According to a review summarized by Professor Qidong You in "Drug Discovery Today", the binding pattern of METTL3-METTL14 with inhibitors can be divided into three parts: part A is the aromatic ring, part B is the connecting chain, part C is the amino hydrophobic chain. Furthermore, the available cocrystal structures of METTL3-METTL14 and its inhibitors can help rationally design new molecules. To achieve this goal, analyzing the cocrystal structures of METTL3-METTL14 and conformation inhibitors will provide new ways for the development of new tools and potential drugs.
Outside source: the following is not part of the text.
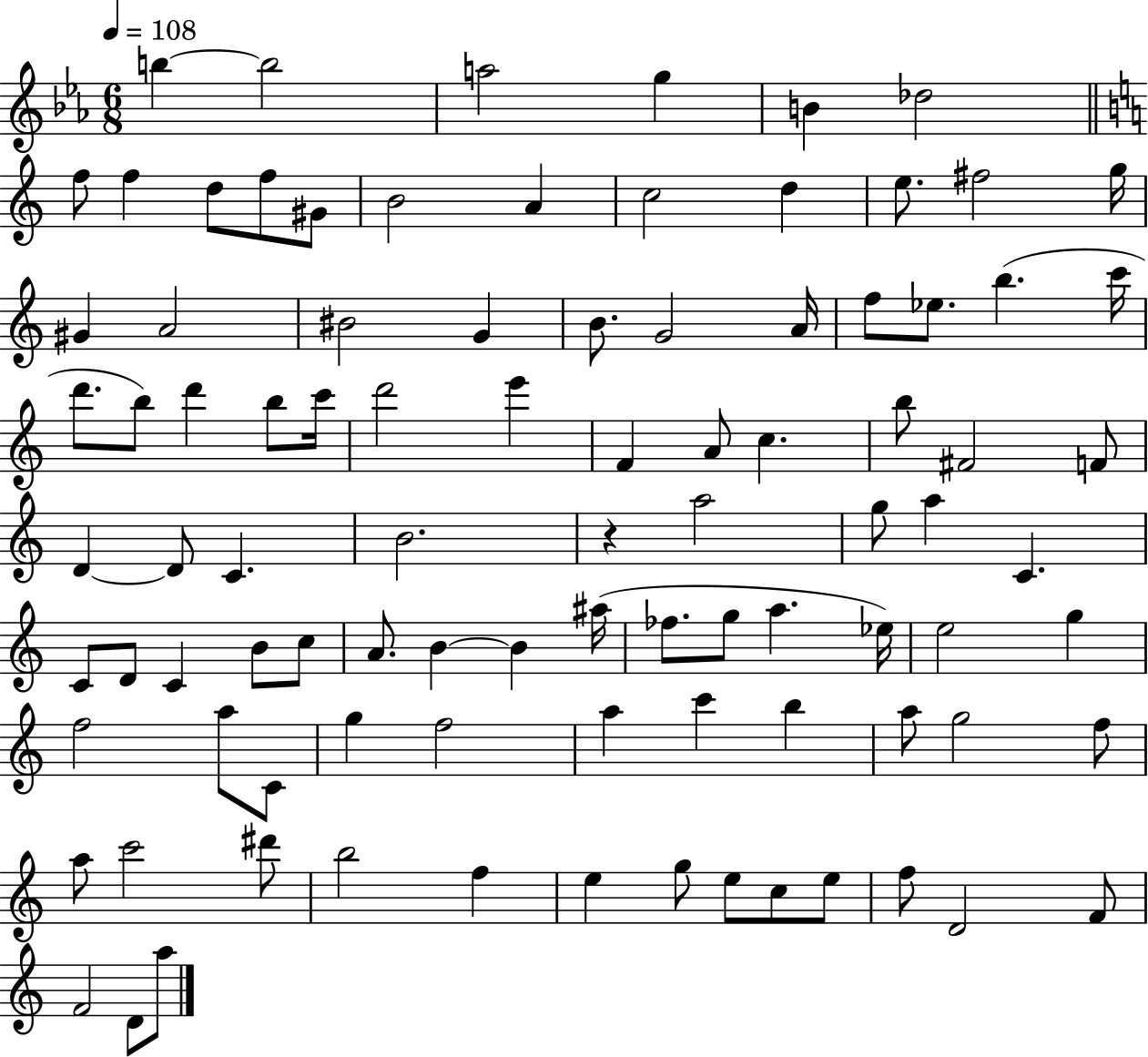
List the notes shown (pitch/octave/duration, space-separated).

B5/q B5/h A5/h G5/q B4/q Db5/h F5/e F5/q D5/e F5/e G#4/e B4/h A4/q C5/h D5/q E5/e. F#5/h G5/s G#4/q A4/h BIS4/h G4/q B4/e. G4/h A4/s F5/e Eb5/e. B5/q. C6/s D6/e. B5/e D6/q B5/e C6/s D6/h E6/q F4/q A4/e C5/q. B5/e F#4/h F4/e D4/q D4/e C4/q. B4/h. R/q A5/h G5/e A5/q C4/q. C4/e D4/e C4/q B4/e C5/e A4/e. B4/q B4/q A#5/s FES5/e. G5/e A5/q. Eb5/s E5/h G5/q F5/h A5/e C4/e G5/q F5/h A5/q C6/q B5/q A5/e G5/h F5/e A5/e C6/h D#6/e B5/h F5/q E5/q G5/e E5/e C5/e E5/e F5/e D4/h F4/e F4/h D4/e A5/e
Accent Therapeutics, which is in the same field, was established in 2017 and has attracted attention from several capitals, and has had strong development momentum in recent years. The company announced in April 2020 that it completed a $63 million B round of financing to advance new precise cancer treatments for RNA modification proteins (including METTL3 and ADAR1). At present, the company has received more than $100 million in financing. In June of the same year, Accent announced a partnership with pharmaceutical giant AstraZeneca.

Key Drug

STM2457 is the first METTL3 class small molecule inhibitor developed by the UK pharmaceutical company STORM THERAPEUTICS. Unlike other RNA methyltransferases, STM2457 has high specificity for METTL3 (IC₅₀=51.7 μM). It can induce apoptosis in cells of AML patients and mouse AML models, but it does not induce apoptosis in normal non-leukemic hematopoietic cells. After treatment, it can reduce the number of human CD45 cells in the bone marrow and spleen of mice. STORM THERAPEUTICS had raised £30 million in its Series A financing and began human clinical trials for the latest generation METTL3 inhibitor, STC-15, on November 15, 2022. The study's indication is for advanced solid tumors.
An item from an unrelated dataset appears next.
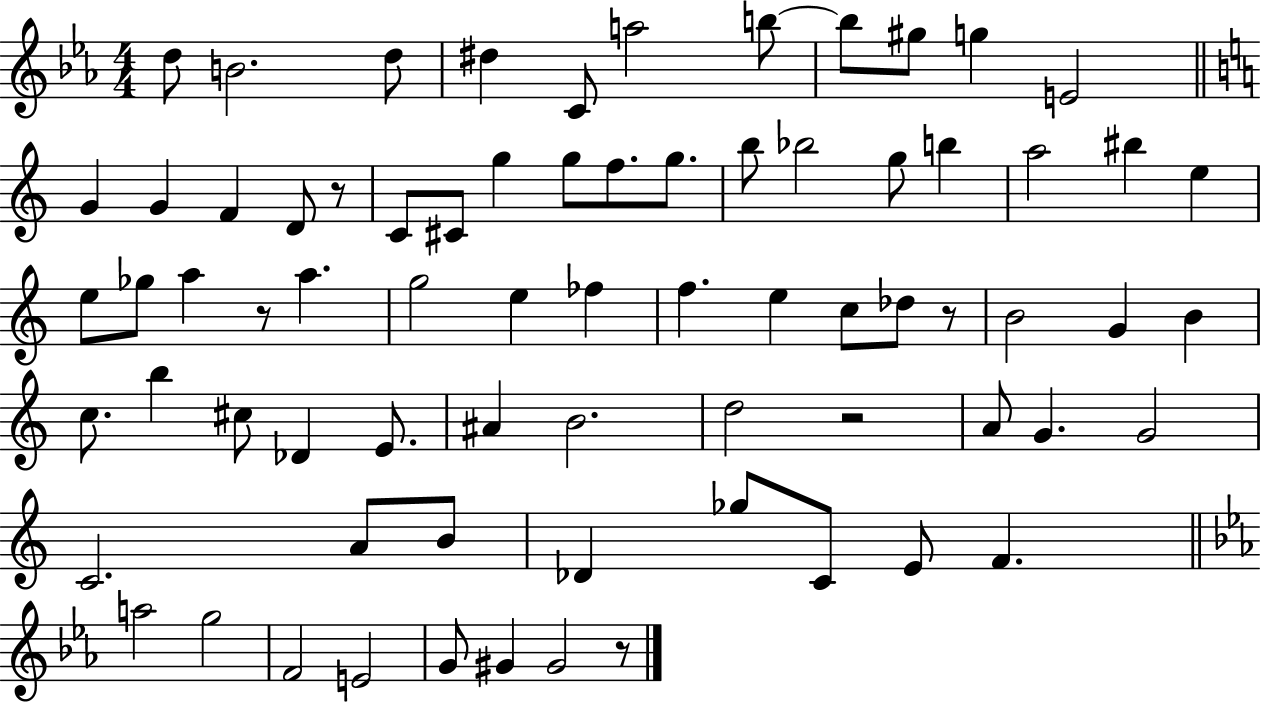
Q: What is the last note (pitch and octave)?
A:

This study is a phase I, multi-center, open-label study with a 3+3 cohort design, expecting to recruit 66 patients. The aim is to evaluate the safety, tolerability, pharmacokinetics, and pharmacodynamics of STC-15 in multiple escalating daily oral doses in the Q3W treatment cycle, with dose levels determined by the modified Fibonacci algorithm. The study aims to systematically assess the safety, tolerance, pharmacokinetics, and pharmacodynamics of STC-15 in adult patients with advanced malignant tumors. The dose levels further evaluated in the expanded cohort will be selected based on available PK, pharmacodynamics, target activity, efficacy, safety, and tolerability data, including long-term safety data beyond Dose Limiting Toxicity (DLT).
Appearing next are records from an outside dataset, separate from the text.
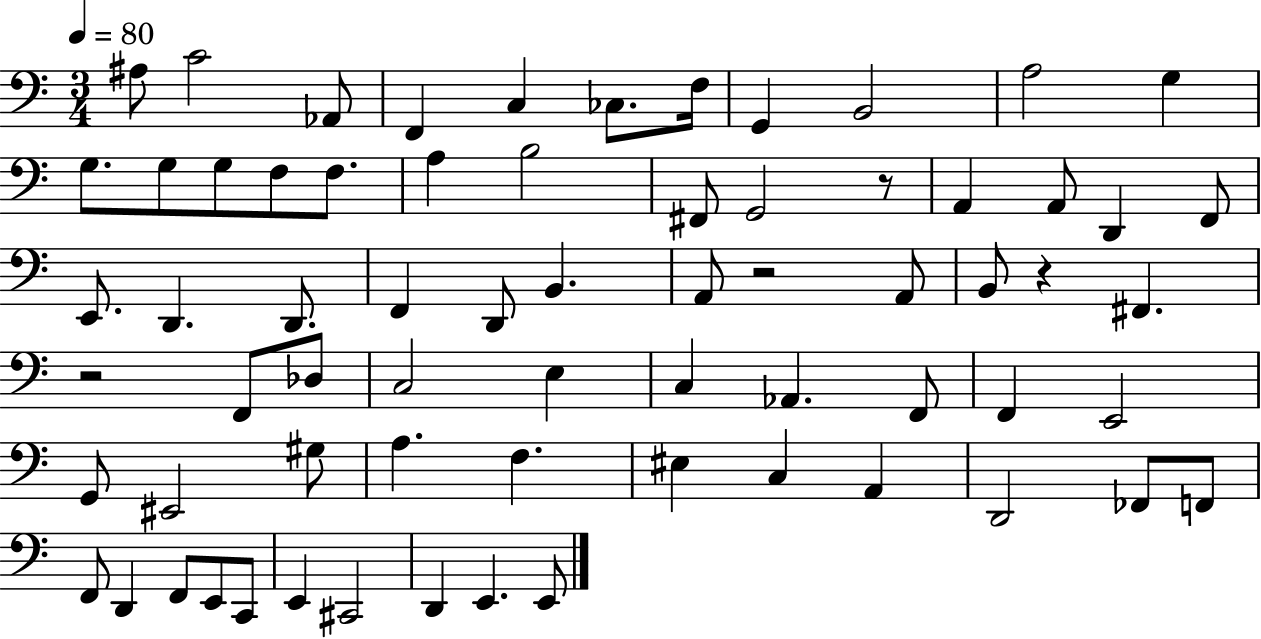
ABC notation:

X:1
T:Untitled
M:3/4
L:1/4
K:C
^A,/2 C2 _A,,/2 F,, C, _C,/2 F,/4 G,, B,,2 A,2 G, G,/2 G,/2 G,/2 F,/2 F,/2 A, B,2 ^F,,/2 G,,2 z/2 A,, A,,/2 D,, F,,/2 E,,/2 D,, D,,/2 F,, D,,/2 B,, A,,/2 z2 A,,/2 B,,/2 z ^F,, z2 F,,/2 _D,/2 C,2 E, C, _A,, F,,/2 F,, E,,2 G,,/2 ^E,,2 ^G,/2 A, F, ^E, C, A,, D,,2 _F,,/2 F,,/2 F,,/2 D,, F,,/2 E,,/2 C,,/2 E,, ^C,,2 D,, E,, E,,/2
As METTL3 is a SAM-dependent methyltransferase, the earliest prototypes of METTL3 inhibitors were structural analogues of SAM. We are still in the early stage of discovering potent and selective METTL3 inhibitors, and many biological questions about the mechanism and function of the METTL3-METTL14 complex remain unanswered. STC-15 is the only drug that has entered the clinical stage. Interruption of METTL3-METTL14 activity could potentially lead to damage to fundamental physiological processes, resulting in harmful outcomes. To thoroughly validate METTL3-METTL14 as a manageable drug target, a multi-disciplinary approach is required to further elucidate its biological function in a broader context of epitranscriptomics.